After that there were very few tears. We spent so many months where the kids got to explore every inch of the new house before we ever spent the night that there was nothing unfamiliar about it. They knew its smells and its creaks and its best corners for hide and seek. They had established where they liked to play with what toys and they had dropped many things down the laundry chute. They had helped paint their own rooms, we’d eaten pizza several times at the new dining room table and ice cream in the breakfast nook, and had many hunts for chocolate eggs all over the living room. It wasn’t foreign even if it wasn’t really home. Every day after school we’d pull up to our intersection and I would ask, “Which house?” and about half the time they’d pick the old one, and the other half the new. For weeks the two places were fairly interchangable, the determining factor usually being if they were hungry because all the food was at the old house.

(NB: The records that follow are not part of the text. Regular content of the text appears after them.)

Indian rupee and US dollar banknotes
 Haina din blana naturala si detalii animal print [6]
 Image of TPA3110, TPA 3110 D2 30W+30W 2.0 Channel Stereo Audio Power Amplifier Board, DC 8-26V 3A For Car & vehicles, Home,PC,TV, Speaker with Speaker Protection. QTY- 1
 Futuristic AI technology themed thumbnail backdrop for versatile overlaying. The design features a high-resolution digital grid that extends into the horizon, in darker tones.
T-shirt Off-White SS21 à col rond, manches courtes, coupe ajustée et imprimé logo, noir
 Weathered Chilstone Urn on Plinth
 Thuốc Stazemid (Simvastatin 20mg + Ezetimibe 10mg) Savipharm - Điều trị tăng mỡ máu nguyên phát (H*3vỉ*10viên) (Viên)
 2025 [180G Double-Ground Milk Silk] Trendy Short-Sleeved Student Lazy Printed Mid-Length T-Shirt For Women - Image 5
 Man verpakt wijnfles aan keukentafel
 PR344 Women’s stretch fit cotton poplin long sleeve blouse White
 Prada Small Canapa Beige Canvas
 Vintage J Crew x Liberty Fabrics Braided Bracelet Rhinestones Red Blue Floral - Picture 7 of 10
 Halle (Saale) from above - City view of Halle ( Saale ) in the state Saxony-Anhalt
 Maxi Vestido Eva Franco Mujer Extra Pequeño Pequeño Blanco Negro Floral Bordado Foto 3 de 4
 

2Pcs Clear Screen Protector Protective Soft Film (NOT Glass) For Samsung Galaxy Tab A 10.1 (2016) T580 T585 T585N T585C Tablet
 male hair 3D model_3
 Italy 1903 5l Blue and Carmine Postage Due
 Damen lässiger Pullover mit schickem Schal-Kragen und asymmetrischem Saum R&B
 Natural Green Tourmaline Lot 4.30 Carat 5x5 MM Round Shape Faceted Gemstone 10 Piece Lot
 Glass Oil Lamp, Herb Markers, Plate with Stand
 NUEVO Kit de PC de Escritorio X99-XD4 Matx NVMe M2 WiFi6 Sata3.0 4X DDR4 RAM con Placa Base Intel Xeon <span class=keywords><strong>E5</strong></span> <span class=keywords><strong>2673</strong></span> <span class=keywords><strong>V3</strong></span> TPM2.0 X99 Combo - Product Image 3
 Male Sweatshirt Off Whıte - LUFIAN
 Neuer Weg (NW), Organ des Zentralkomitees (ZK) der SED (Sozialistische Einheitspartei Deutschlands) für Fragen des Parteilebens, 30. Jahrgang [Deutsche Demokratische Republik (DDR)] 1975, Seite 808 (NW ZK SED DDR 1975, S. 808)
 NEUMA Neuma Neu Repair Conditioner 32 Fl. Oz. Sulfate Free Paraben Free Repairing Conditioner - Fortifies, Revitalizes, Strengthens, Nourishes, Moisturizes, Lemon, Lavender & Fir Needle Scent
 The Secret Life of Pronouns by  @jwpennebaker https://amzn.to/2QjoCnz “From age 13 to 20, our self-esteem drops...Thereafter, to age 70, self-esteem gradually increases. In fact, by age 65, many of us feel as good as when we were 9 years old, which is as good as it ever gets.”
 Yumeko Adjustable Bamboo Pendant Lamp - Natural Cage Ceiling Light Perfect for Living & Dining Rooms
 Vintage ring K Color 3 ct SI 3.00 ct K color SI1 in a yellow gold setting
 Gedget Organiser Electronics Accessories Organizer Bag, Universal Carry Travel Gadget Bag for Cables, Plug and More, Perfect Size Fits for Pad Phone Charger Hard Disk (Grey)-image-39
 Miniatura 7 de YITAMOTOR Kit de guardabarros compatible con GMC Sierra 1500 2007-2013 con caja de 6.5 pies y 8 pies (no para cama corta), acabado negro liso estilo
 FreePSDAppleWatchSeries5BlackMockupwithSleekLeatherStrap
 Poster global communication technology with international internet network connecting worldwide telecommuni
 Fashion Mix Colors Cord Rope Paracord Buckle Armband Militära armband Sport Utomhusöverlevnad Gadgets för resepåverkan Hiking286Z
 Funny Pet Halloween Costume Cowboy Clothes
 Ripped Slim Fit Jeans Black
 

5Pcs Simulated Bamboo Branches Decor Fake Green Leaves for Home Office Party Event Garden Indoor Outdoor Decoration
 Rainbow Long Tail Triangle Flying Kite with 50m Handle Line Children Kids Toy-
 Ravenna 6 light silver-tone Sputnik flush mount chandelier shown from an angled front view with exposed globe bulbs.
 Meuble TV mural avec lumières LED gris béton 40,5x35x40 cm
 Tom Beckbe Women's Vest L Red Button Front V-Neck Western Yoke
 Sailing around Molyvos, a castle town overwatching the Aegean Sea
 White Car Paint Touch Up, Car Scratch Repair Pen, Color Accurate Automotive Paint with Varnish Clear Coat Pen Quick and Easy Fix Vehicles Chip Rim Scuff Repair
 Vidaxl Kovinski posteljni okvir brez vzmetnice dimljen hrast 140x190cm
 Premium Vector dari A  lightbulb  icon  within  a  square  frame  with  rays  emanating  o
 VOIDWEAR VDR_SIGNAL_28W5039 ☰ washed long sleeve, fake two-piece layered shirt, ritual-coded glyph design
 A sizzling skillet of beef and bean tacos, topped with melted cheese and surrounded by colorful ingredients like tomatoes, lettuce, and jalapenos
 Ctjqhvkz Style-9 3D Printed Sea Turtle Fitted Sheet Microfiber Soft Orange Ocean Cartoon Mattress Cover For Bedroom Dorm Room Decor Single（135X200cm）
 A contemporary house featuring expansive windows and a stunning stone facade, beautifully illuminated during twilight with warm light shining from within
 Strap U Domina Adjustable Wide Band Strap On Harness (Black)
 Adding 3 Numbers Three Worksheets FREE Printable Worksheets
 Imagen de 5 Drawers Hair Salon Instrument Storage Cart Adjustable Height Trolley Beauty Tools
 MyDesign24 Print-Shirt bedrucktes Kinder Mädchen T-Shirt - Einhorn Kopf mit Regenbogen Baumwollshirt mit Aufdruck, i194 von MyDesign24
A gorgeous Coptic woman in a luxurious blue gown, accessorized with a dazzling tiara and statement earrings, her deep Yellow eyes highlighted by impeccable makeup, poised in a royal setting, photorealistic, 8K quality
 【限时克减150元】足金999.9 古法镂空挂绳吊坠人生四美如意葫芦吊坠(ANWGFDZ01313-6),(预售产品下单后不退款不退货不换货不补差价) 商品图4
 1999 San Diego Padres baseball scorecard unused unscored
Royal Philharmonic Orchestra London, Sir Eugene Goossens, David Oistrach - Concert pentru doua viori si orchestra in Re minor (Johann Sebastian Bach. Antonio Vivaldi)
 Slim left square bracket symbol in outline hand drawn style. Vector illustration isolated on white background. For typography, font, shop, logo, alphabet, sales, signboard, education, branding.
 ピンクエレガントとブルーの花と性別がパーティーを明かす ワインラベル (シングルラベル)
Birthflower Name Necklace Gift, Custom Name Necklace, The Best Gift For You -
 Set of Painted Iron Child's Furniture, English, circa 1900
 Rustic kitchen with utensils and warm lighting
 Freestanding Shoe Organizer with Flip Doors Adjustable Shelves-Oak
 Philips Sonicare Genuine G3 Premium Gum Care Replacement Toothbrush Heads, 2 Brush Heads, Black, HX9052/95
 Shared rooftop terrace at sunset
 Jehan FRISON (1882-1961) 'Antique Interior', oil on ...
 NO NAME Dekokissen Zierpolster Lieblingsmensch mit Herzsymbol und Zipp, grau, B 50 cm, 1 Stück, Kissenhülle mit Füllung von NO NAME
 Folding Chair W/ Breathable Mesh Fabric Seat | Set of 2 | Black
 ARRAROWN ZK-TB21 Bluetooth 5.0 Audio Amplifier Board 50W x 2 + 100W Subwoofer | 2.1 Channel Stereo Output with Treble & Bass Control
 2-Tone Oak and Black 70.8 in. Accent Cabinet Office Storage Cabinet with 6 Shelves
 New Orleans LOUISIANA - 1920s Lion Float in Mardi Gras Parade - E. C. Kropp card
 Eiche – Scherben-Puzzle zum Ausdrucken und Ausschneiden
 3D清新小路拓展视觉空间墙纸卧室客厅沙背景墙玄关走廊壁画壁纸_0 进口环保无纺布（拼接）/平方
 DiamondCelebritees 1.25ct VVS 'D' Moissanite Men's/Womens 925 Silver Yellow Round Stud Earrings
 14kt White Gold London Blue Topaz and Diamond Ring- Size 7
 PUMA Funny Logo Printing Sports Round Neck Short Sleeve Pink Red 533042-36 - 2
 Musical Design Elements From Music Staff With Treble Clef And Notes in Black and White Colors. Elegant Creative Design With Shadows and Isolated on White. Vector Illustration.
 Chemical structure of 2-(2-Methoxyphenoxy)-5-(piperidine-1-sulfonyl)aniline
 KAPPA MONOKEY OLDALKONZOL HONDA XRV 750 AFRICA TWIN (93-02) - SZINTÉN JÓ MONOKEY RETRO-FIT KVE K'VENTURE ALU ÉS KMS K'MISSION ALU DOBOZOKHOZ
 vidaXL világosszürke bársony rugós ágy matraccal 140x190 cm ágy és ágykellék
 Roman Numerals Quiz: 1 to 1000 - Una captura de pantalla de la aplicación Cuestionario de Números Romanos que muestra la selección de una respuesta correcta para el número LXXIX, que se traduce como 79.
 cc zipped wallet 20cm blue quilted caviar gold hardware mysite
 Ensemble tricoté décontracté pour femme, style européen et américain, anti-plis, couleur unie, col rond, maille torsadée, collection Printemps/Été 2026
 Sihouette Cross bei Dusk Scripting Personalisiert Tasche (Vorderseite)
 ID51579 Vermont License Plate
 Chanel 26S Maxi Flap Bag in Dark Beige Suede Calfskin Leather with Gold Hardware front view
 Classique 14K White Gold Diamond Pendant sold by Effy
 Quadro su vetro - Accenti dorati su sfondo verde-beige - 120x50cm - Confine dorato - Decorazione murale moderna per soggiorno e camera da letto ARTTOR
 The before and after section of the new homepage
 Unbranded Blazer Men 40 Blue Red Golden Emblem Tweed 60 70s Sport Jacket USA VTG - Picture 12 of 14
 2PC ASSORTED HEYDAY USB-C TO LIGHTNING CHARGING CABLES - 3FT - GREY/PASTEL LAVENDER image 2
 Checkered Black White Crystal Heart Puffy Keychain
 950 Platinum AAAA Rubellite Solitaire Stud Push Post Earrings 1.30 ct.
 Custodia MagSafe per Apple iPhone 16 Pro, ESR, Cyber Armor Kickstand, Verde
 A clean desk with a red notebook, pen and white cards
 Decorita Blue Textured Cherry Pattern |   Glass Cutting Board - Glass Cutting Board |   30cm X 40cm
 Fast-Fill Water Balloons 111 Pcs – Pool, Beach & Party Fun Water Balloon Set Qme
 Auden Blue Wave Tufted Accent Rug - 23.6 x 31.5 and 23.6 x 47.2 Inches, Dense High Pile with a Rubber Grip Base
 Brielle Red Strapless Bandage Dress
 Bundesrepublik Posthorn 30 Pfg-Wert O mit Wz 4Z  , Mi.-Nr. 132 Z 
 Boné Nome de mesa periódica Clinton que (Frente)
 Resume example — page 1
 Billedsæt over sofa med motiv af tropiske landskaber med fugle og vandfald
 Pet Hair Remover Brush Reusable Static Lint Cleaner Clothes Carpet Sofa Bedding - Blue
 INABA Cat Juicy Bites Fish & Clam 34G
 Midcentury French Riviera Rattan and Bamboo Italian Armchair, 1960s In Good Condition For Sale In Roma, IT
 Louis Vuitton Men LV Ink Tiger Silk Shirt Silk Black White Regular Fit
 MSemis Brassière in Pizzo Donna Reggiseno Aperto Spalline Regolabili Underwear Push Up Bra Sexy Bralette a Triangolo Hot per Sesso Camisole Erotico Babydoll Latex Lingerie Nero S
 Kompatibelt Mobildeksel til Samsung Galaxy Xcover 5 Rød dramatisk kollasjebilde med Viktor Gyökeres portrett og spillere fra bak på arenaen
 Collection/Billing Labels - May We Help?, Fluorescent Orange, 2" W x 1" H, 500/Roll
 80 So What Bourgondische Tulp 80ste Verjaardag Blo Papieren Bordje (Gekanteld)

One interesting thing about the slow motion move was that you could feel the shift from house to home. The old house was home for a long time, and the new house was like an echo chamber. As more things moved over the two houses balanced out for awhile, but then the house we were living in became stranger and the new one started sounding more normal. Things started to look more familiar in the new house as it filled with our things, and the old house became more uncomfortable. We were living in a space that had whole rooms with nothing in them and our footfalls would reverberate as we walked past. We were sleeping on the floor for a month and a half and the kids had almost no toys. While Ian was home on leave he moved the televisions and had our phone service shifted over.
By the time we spent the night in the new house, there was really nothing to miss in the old one. It still held nice memories, but it wasn’t homey. It was just a house. The kids objected to leaving it more out of habit or in theory. It was obvious they were ready to go be reunited with their things across the street and lead lives uninterrupted by having to evacuate frequently because of realtors doing house showings.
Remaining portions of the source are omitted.